Now Saturdays consists of being depressed all of the time at the job. I look so depressed at the job. I even see people looking at me like they are concern. I looked so depressed and pissed off, not only on Saturdays. I look really bored and depressed because that's how I look. I look like I'm dying. I feel like I'm dying from depression. I hate work. I hate everything about it. I can't relate to people at this age, that's weird. I don't hang out with people's parents, that's weird. All these people talk about is being married and their relationships, etc... What is this yo? My mind is still back in Junior High, elementary and high school. Work, getting engaged, What is this yo? Who are these characters son?


----------



## Imbored21 (Jun 18, 2012)

There's a very easy solution to those who hate work: quit. That's what I did and I don't regret it one bit.


----------



## MobiusX (Nov 14, 2008)

Lia of Wednesday said:


> You work 7 days a week? That really, really sucks! Is there anyway you can talk to your managers about it? Just tell them you can't handle a full week. You need a day of rest!

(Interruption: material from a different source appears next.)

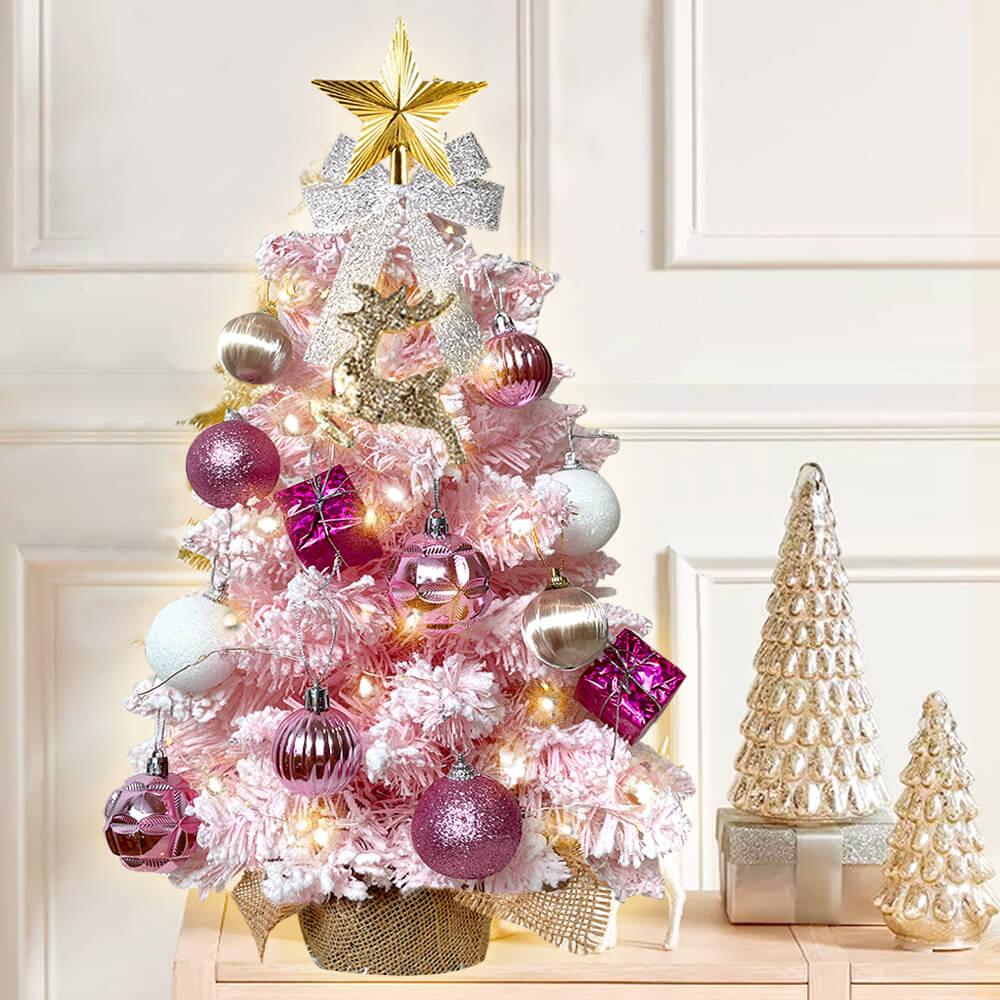 2ft Mini Christmas Tree With Light Artificial Small Tabletop Christmas Decoration With Flocked Snow, Exquisite Decor & Xmas Ornaments For Table Top For Home & Office - Nioor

 6 days 2 times a month, 5 days usually, work sucks, 5 days is depressing enough, I rather sleep than work, my dream job would be to work at a sleep study research facility and sleep for 1 shift- 8 hours, that way I don't have to waste my energy and time when I'm awake at a job


----------



## ilsr (Aug 29, 2010)

MobiusX said:


> 6 days 2 times a month, 5 days usually, work sucks, 5 days is depressing enough, I rather sleep than work, my dream job would be to work at a sleep study research facility and sleep for 1 shift- 8 hours, that way I don't have to waste my energy and time when I'm awake at a job


Some setup in the future with sleep dreaming chambers. too bad people still had to pay for the dreams, instead of selling or working by dreaming. well, she didn't want to go back to "work" either.


----------